Imagine the joy and bliss that you’ll experience, having that relationship. Having found and having the one that you love, holding her, embracing her, loving her. Imagine that feeling of bliss.

Fear.

Nothing lasts forever. All things will come tumbling down. I don’t’ know how to make things work. I’m lazy. Lazy. I don’t want to put in the work. I live the lazy man’s life of just letting things happening to me. I never seek out the experiences that I should have, but let chance present it to me.

Lazy man.

Maybe this is a part of the growing up that you need to do. You need to make these sacrifices, make these decisions. Play hard. Gamble. Not everything in the world is safe. You have to take risks.

Maybe this risk is something that I’m not willing to take. There’s no coming back from this. None at all.

I like what we have. I would like more, but I just don’t know what it is that you think. I can’t read you. I can’t figure you out.

I preach and preach about being clear, forward, upfront, but what is it that is holding me back? Why am I the way that I am?

You need to do this. You have to do this.

In a way, you already know the answer. You can feel it. You KNOW it. So, why not verify it.

Verify it.

Do it.

Ask.

What do you have to lose? Where will you end up? The same place as you are now. Just because she isn’t interested, doesn’t mean you can’t still maintain what it is that you have with her now? Can it? Does it?

I know you. Eventually you’ll be able to distance yourself away and detach from the situation. You’re good at it. Hopefully.

I think you’ll be able to do it. Maybe.

Just visit her less. See her less. You can still be the friendly friend of hers, but just visit her less. Deal with her less.

Sigh.

Decisions.

Blah.

Maybe I just need to focus on something else. What is wrong with me?

Blah!

Blah. Everything is just blah!

Blah indeed.

One Day

Is it me? Is it you?

What is it?

What is it that you want?

Can you even figure it out? Do you even have a clue? I never known you to act on something that you want. You’ll do your little research. You’ll make up reasons why it would be something that might benefit you. You’ll make up reasons why it would be a detriment. Based on that list, but ultimately, based on your gut, you act. You make that decision and say YES! This is what I need.

I will act upon it. I will make this mine. I will try to get it. But, what is the hold up on this one?

You haven’t done enough research?

Or are you just generally confused about the exact nature of your desires.

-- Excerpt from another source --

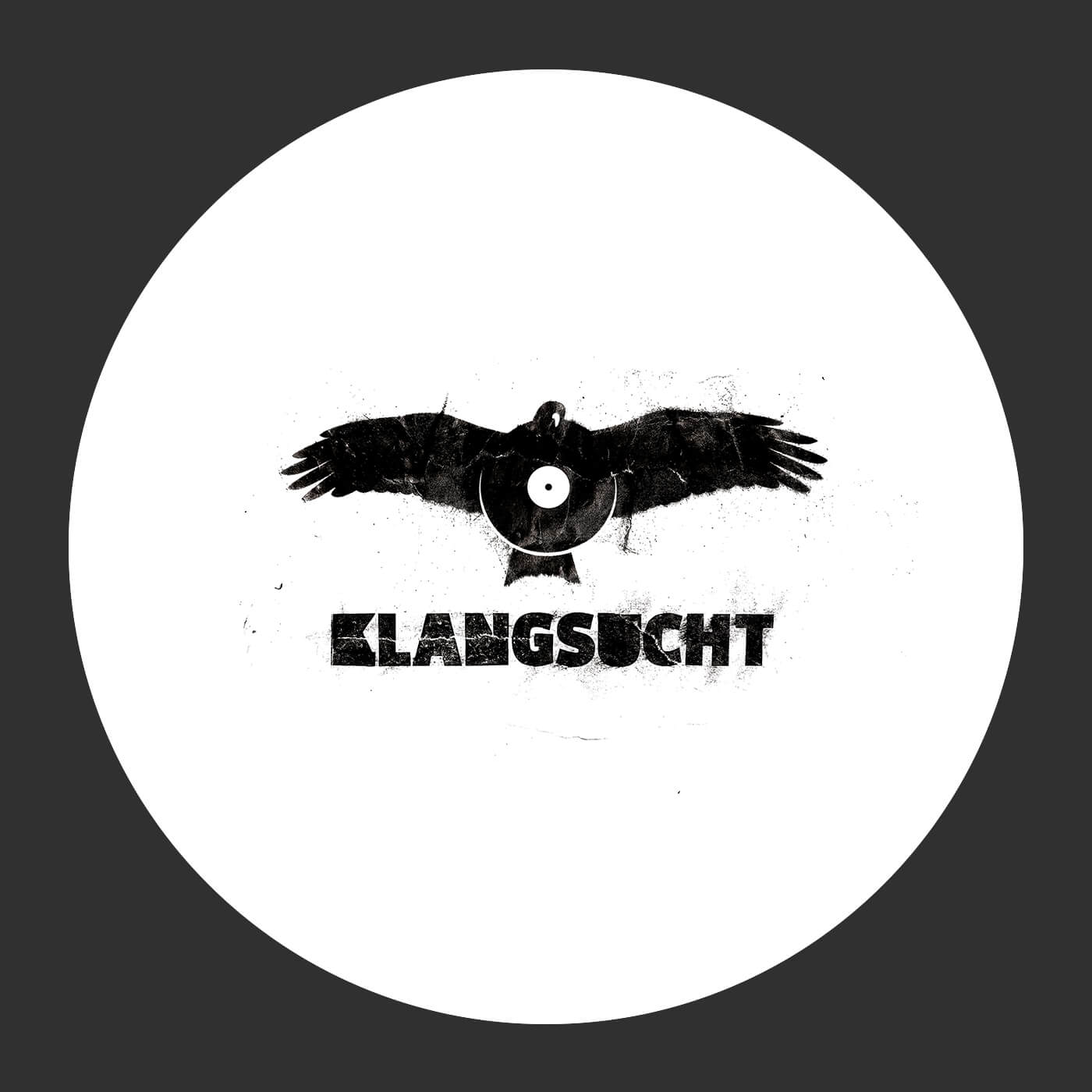 klangsucht_weiss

Do you really want this? Honestly? Seriously?

I know for you, fear is involved. Fear is always involved in most things that you do, but you always overcome whatever fear that is haunting you and face it head on with courage and braveness.

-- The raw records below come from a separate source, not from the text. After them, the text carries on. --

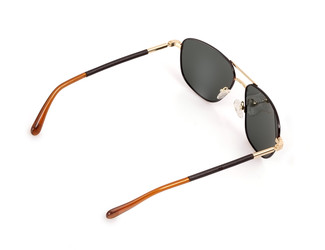 Similar image 22588412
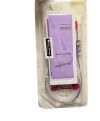 BARD 0700615 PowerLine Catheter with SureCuff Ingrowth Cuff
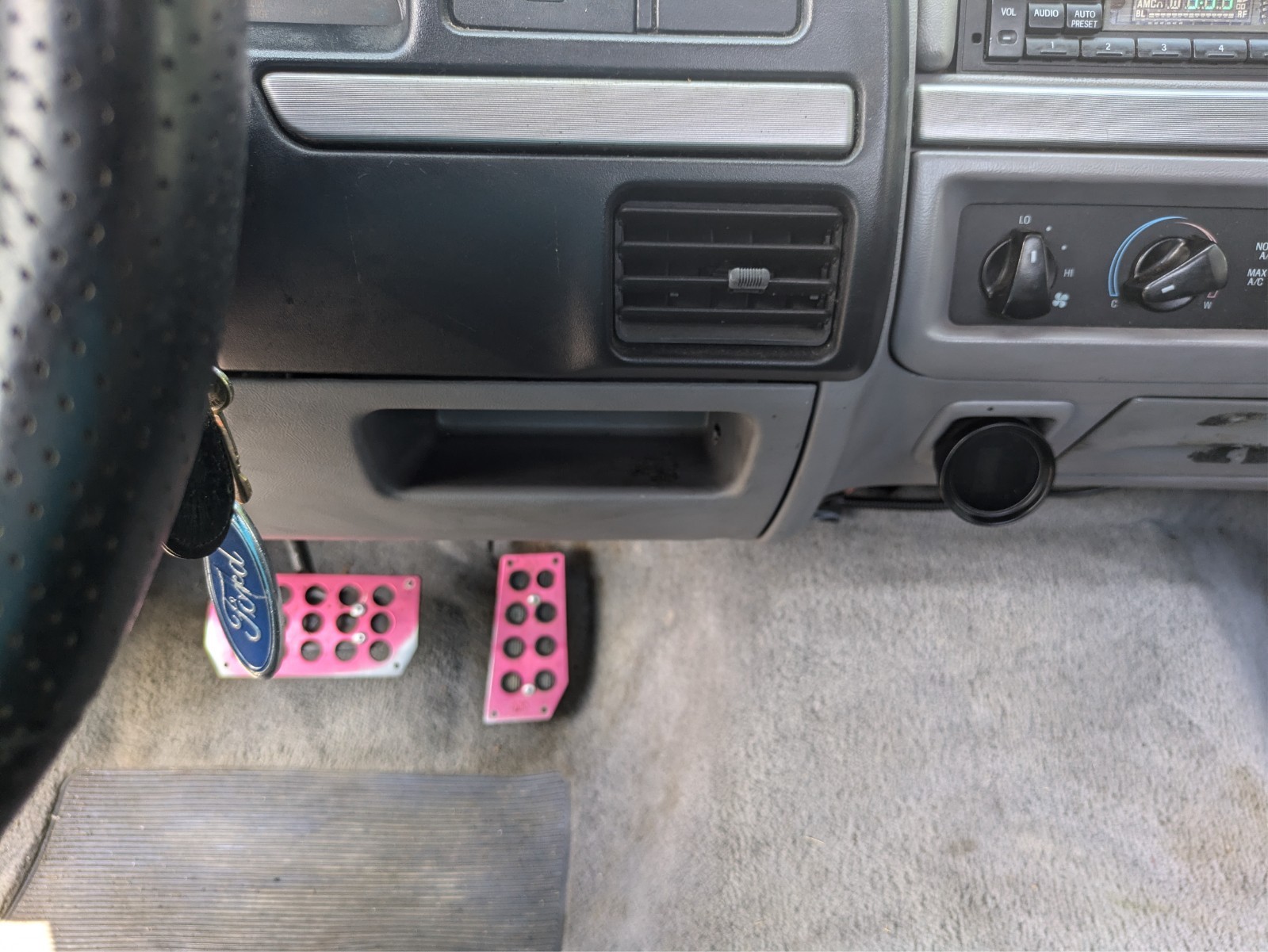 Ford-F-150-1995-Standard-Cab-Pickup-22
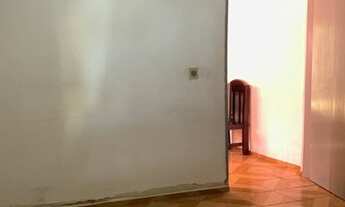 Imagem 7: CASA PARA LOCAÇÃO NO BAIRRO VILA NOVA SOROCABA - SOROCABA/SP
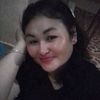 userav5m99wpv7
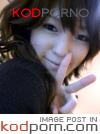 [รูปโป๊ รูปหี] สาวจีนจอมเซ็ก เงี่ยนทุกวันเวลา เอาไม่เลือกหน้า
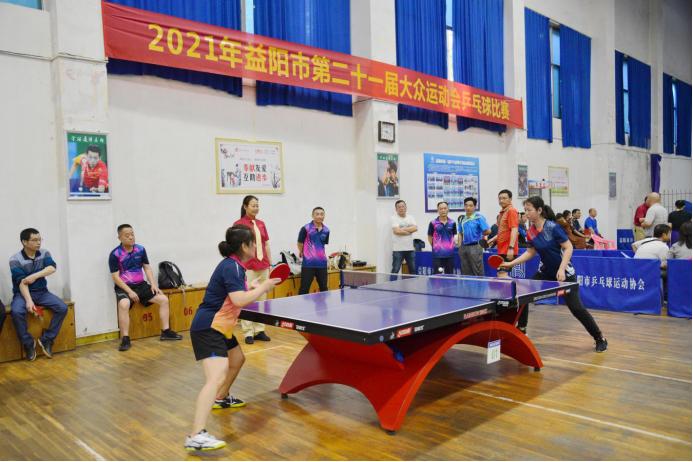 一战成名背后,一战成名的背后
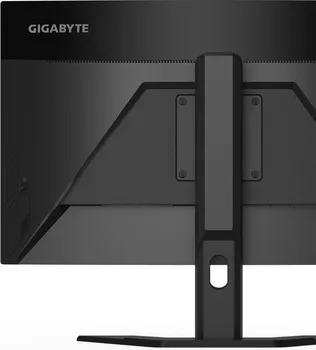 GIGABYTE G27FC (6 / 8)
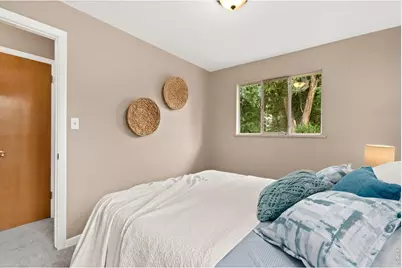200 E Myrtle St #8, Fort Collins, CO 80524 - Photo 19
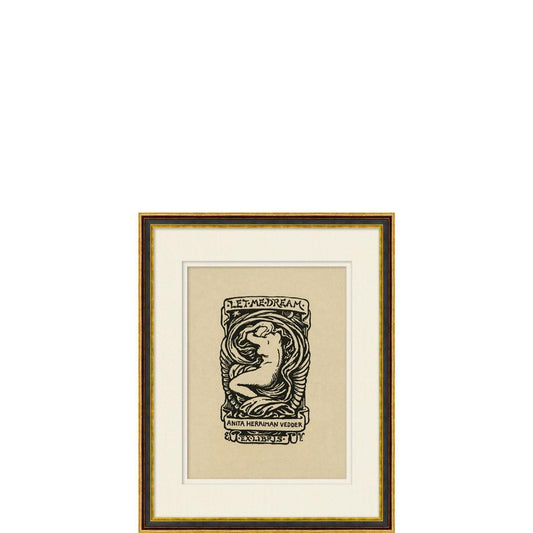 Stampa classica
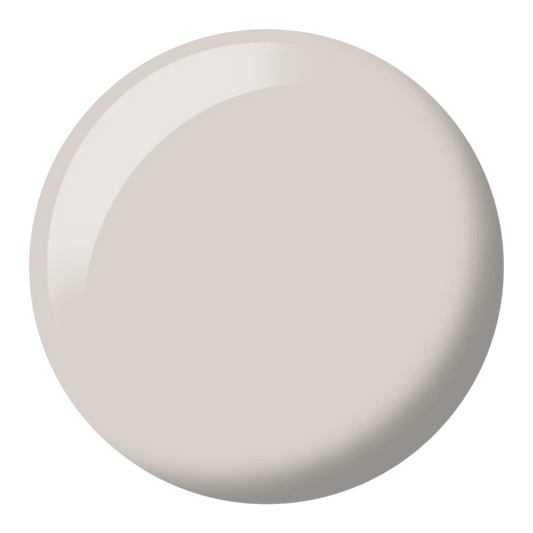 HEMA & TPO Free Duo Gel - 015 Slate Slip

Now, seriously, why is this one so difficult?

Are you afraid of the rejection and that heartache that comes with it? Or is it that you are afraid to get into it and then lose it and that heartache that comes with it.

Why is it so easy for you to act on the others? The youngins. Do you know that they are not important to you? They are more trials than actuals?

Why?

So many questions bounce around in this head of mine. So many things that I need to figure out. I just don’t know where to start.

The only good thing about this is that I’m writing more, blogging more.

* * *

Straight forwardness. Blunt. Honesty. No games.

Why can’t you just do that? Those are the things that you want right? Those are the things that you live by, your qualities, but why can’t you do it here.

Your intuition isn’t always spot on. You have doubts because for some reason, you have an inkling feeling that you just don’t know. The best way to be clear is to ask, to be straight forward.

I should just do it.

I should just do it.

Sigh.

Maybe. One day. Eventually.

Maybe I just want this to last a little longer without any awkwardness. Maybe I just want this to continue on. Maybe.

One day.

Just maybe One Day things will change. One day I won’t put up with this. One day, whatever it is that I’m feeling I will feel no more.

Maybe. Just, One Day.

* * *

Ru Guo Ni Hai Ai Wo, if you ever did, why do I feel this emptiness in me.

* * *

Emotion wreck. I have been an emotional wreck lately. I have been a sad sensitive sap. The littlest things will just set me off. I know I am emo, but for the most part I’m able to keep it in check, I’m able to contain it.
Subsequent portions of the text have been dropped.